Exercise requirements
Only the tail of the listing is wanted: the line containing "Jeep Grand Cherokee" and all after it, repeated exactly, pictures omitted.

Entries shown

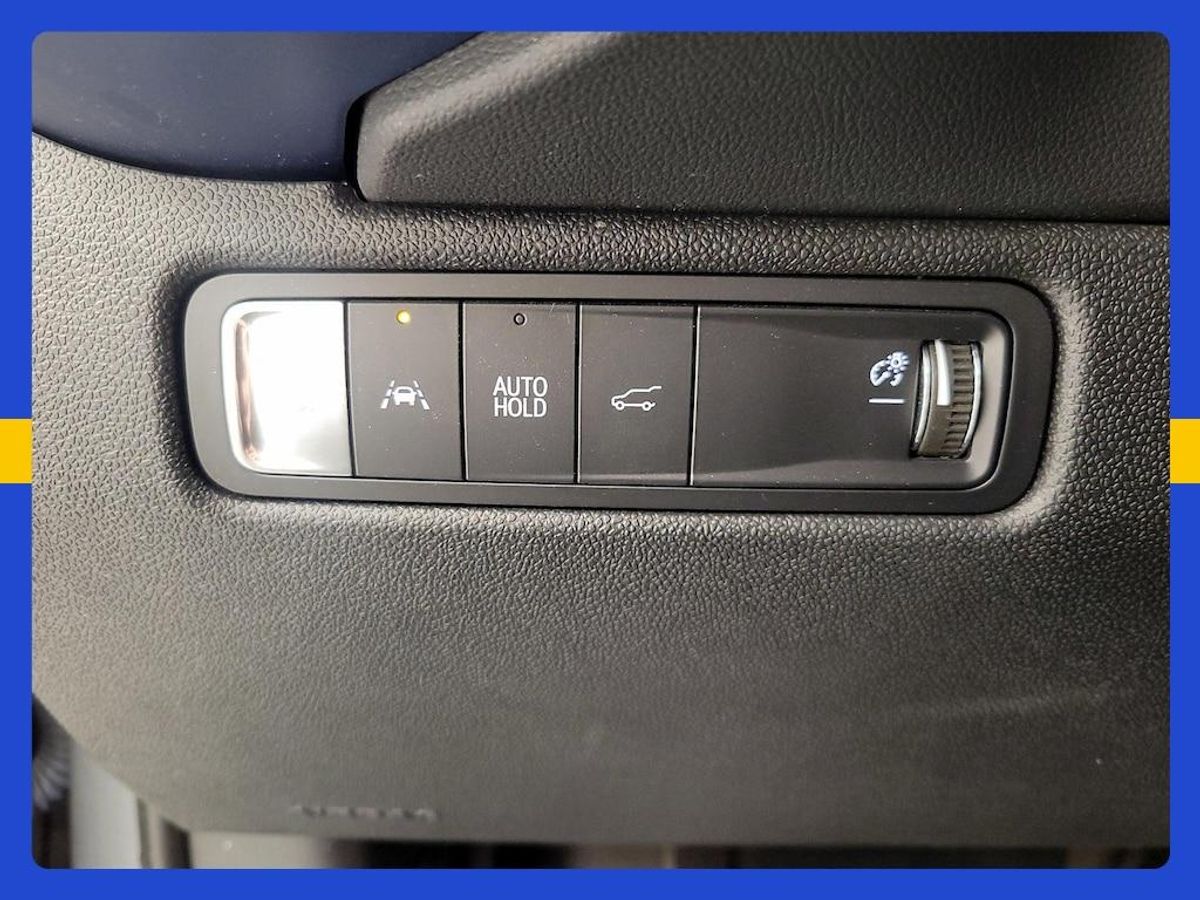 undefined. Enlarge image 16
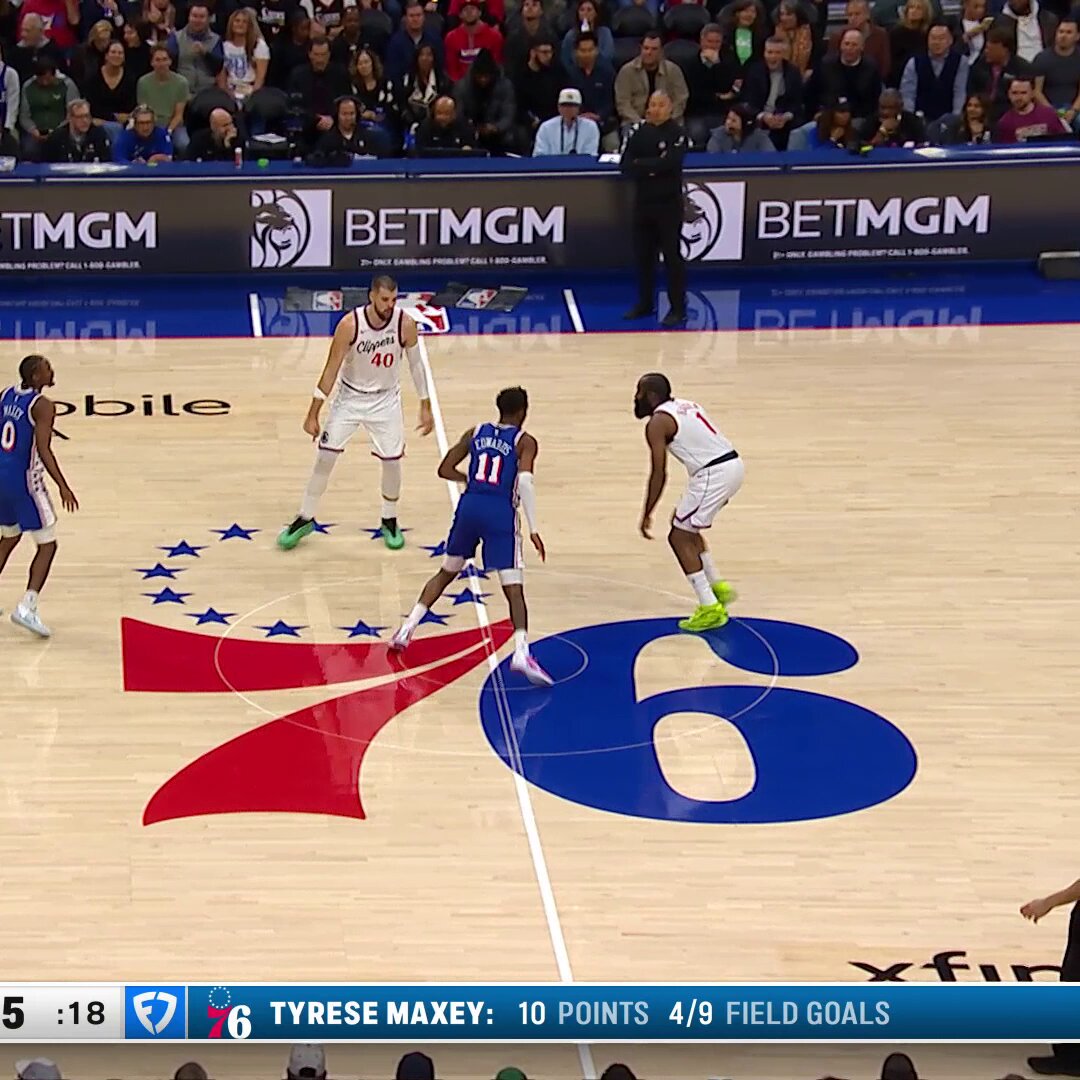 from: admin
to: kobe sanders fc

subject: let's goooo, rook!!! 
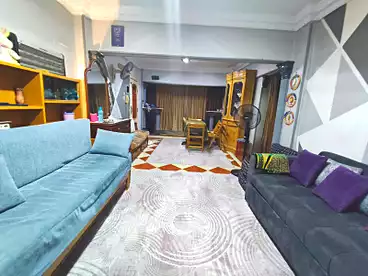 Properties For sale in Neighborhood 10th, El Ahyaa, 84 sqm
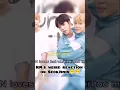 Download Lagu RM's weird reaction😁#bts#shortsfeed #shorts #rm#jin#namjin#suga#jimin#taehyung#jhope#jungkook#fyp#ff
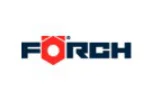 forch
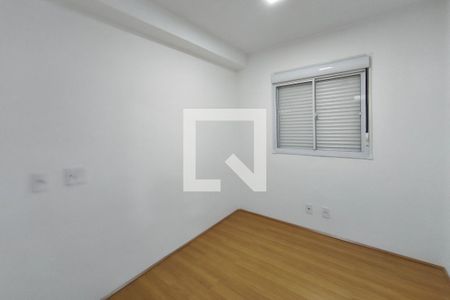 Quarto 1 de apartamento à venda com 2 quartos, 43m² em Jardim Ipaussurama, Campinas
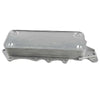 Jeep Grand Cherokee WH WK 3.0L Oil Cooler & Intake Gasket Set (2005)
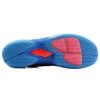 Jordan Super.Fly 4 Jcrd Midnight Navy 812870-403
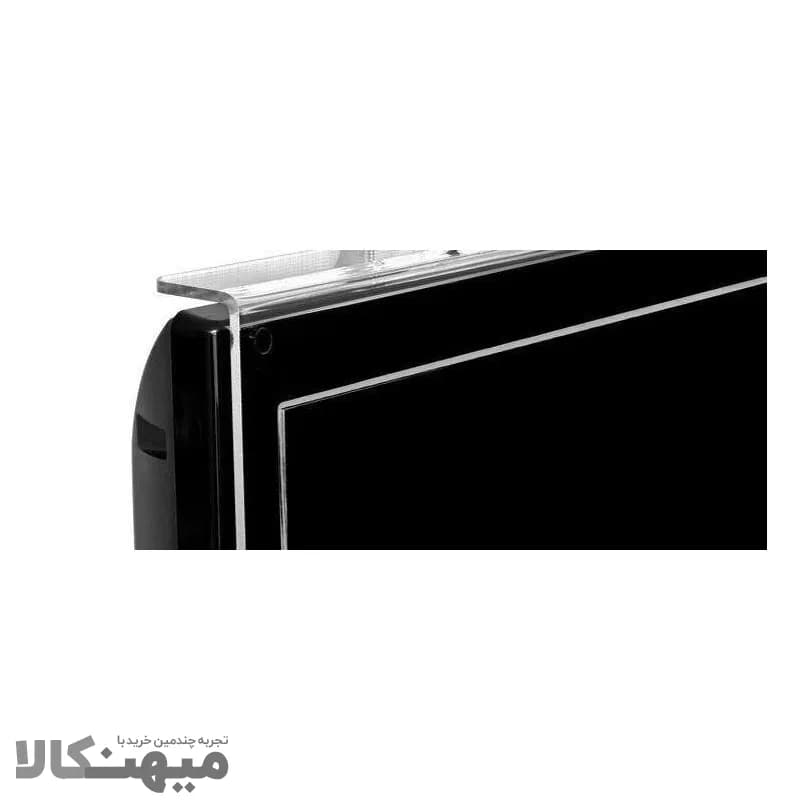 محافظ صفحه تلویزیون 43 اینچ — تصویر ۱۰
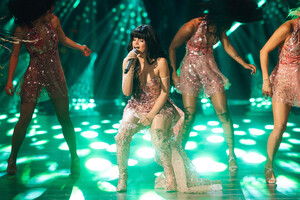533583190_camila-51.jpg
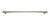 Atlas Homewares A852-SS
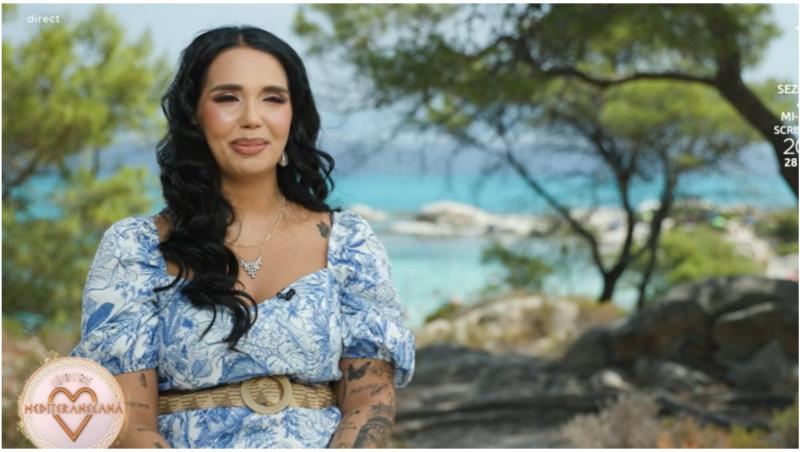 Mireasa sezonul 12. Cine sunt și cum arată cele 10 concurente. Ele sunt fetele pregătite pentru o iubire mediteraneeană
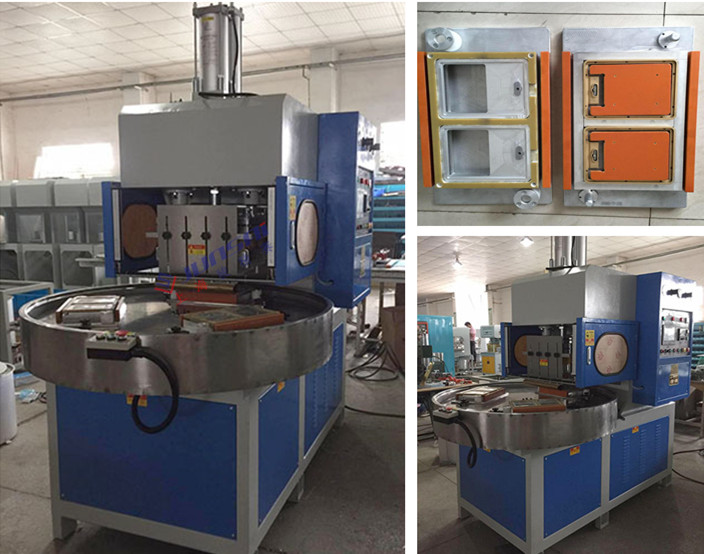 三工位<a href=http://m.22db0q.cn/ target=_blank class=infotextkey>高周波</a>熔断机1.jpg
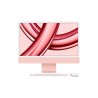 Apple iMac A2438 24" M1, 16GB, SSD 512GB, GPU 8 Núcleos, 2021, Rosa, A+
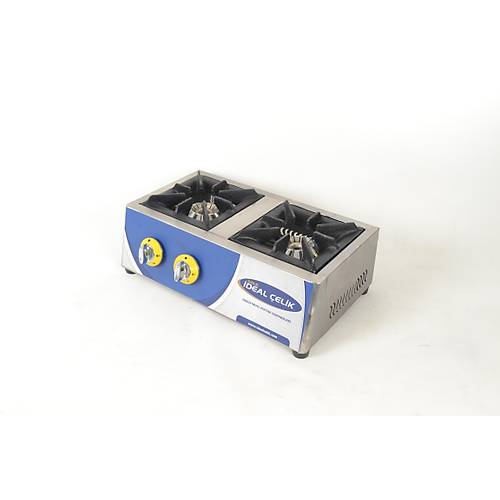 deal elik Mini Set st 2Li Ocak Doalgaz / Tp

Solution to this exercise
 Jeep Grand Cherokee WH WK 3.0L Oil Cooler & Intake Gasket Set (2005)
 Jordan Super.Fly 4 Jcrd Midnight Navy 812870-403
 محافظ صفحه تلویزیون 43 اینچ — تصویر ۱۰
533583190_camila-51.jpg
 Atlas Homewares A852-SS
 Mireasa sezonul 12. Cine sunt și cum arată cele 10 concurente. Ele sunt fetele pregătite pentru o iubire mediteraneeană
 三工位<a href=http://m.22db0q.cn/ target=_blank class=infotextkey>高周波</a>熔断机1.jpg
 Apple iMac A2438 24" M1, 16GB, SSD 512GB, GPU 8 Núcleos, 2021, Rosa, A+
 deal elik Mini Set st 2Li Ocak Doalgaz / Tp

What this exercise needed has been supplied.